ACTIVITY — Please output all of the entries exactly and omit any images they hold.

DATA SHOWN —
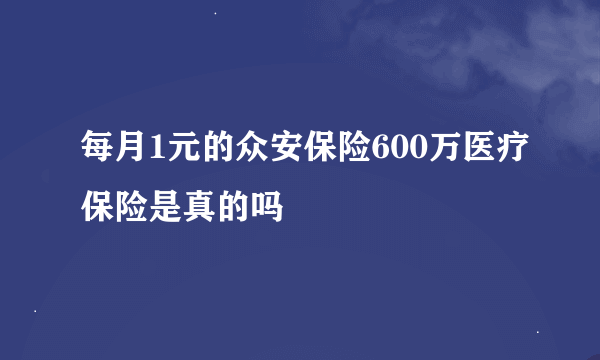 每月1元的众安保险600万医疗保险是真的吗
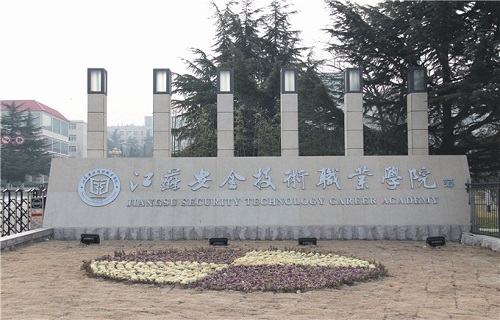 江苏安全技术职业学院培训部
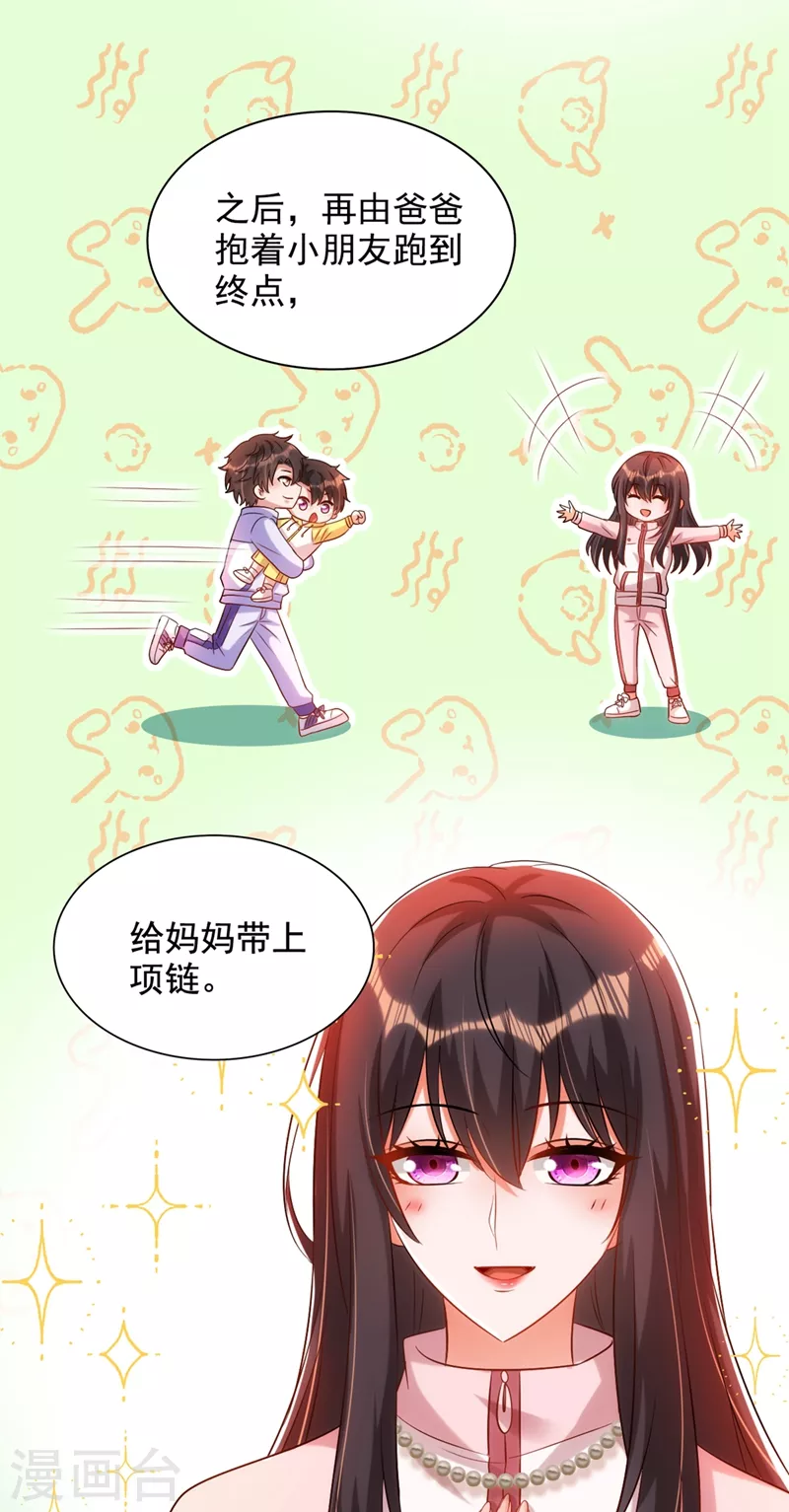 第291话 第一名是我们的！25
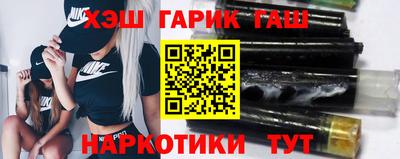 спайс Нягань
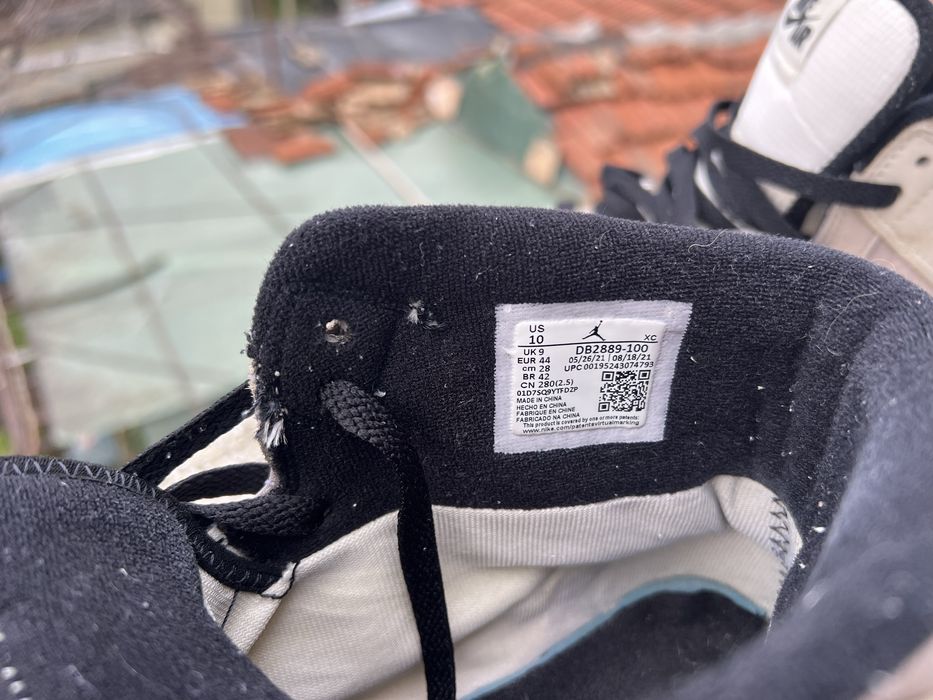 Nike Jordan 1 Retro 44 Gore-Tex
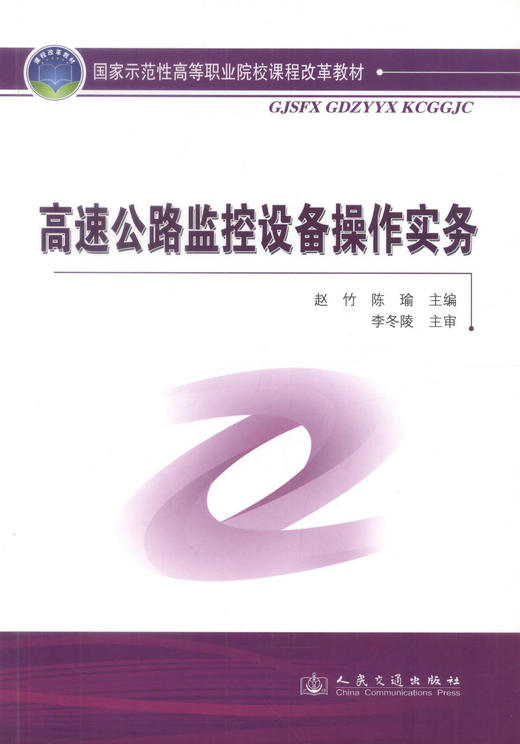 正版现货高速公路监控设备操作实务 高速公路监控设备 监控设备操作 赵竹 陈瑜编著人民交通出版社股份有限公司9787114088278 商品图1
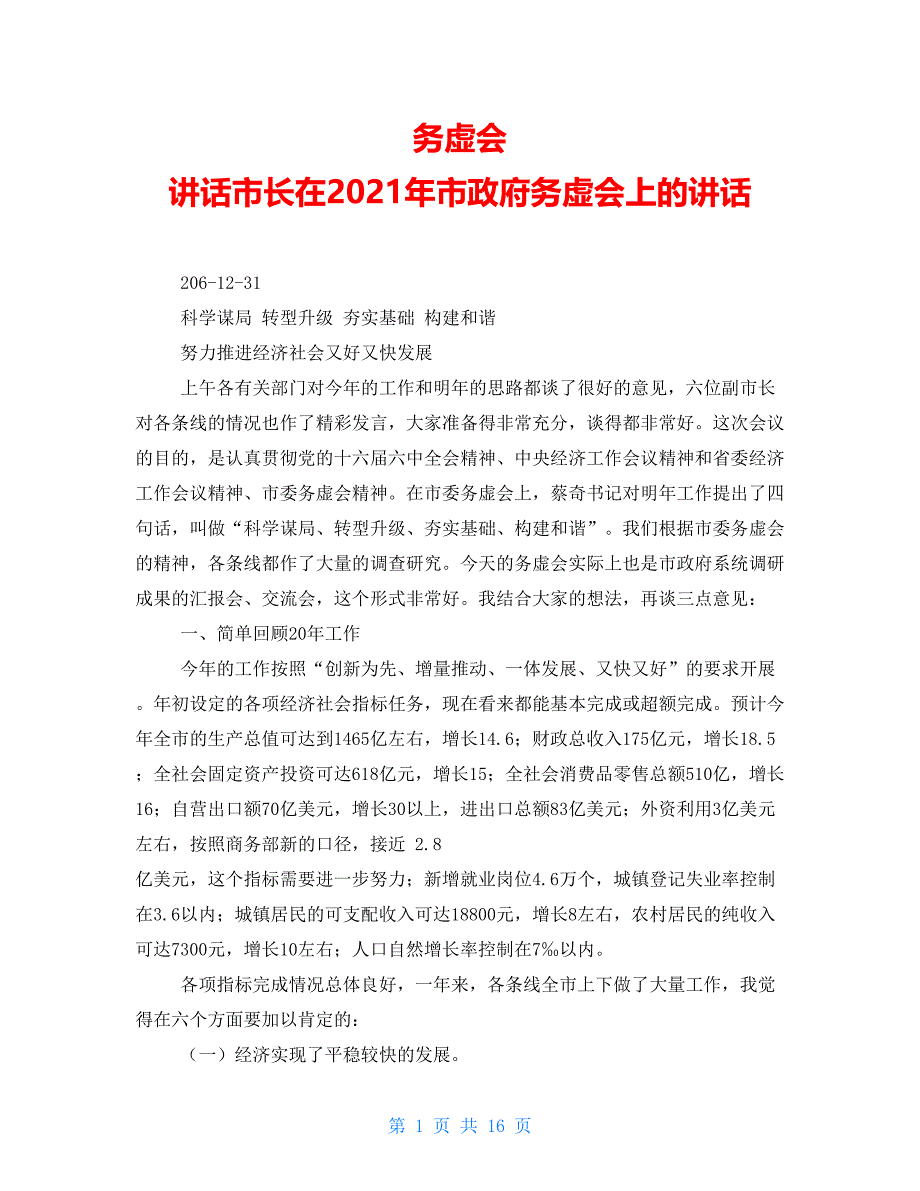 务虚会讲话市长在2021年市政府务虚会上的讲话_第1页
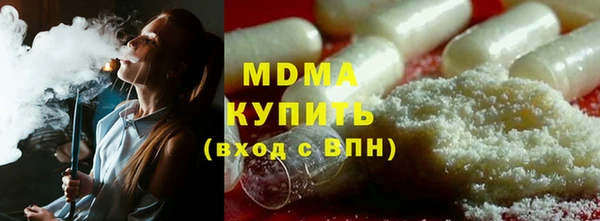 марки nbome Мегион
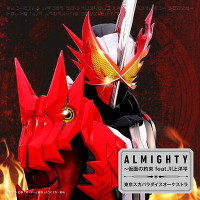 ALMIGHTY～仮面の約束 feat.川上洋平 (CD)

PROBLEM SOLUTION —
 每月1元的众安保险600万医疗保险是真的吗
 江苏安全技术职业学院培训部
 第291话 第一名是我们的！25
 спайс Нягань
 Nike Jordan 1 Retro 44 Gore-Tex
 正版现货高速公路监控设备操作实务 高速公路监控设备 监控设备操作 赵竹 陈瑜编著人民交通出版社股份有限公司9787114088278 商品图1
 务虚会讲话市长在2021年市政府务虚会上的讲话_第1页
 марки nbome Мегион
 ALMIGHTY～仮面の約束 feat.川上洋平 (CD)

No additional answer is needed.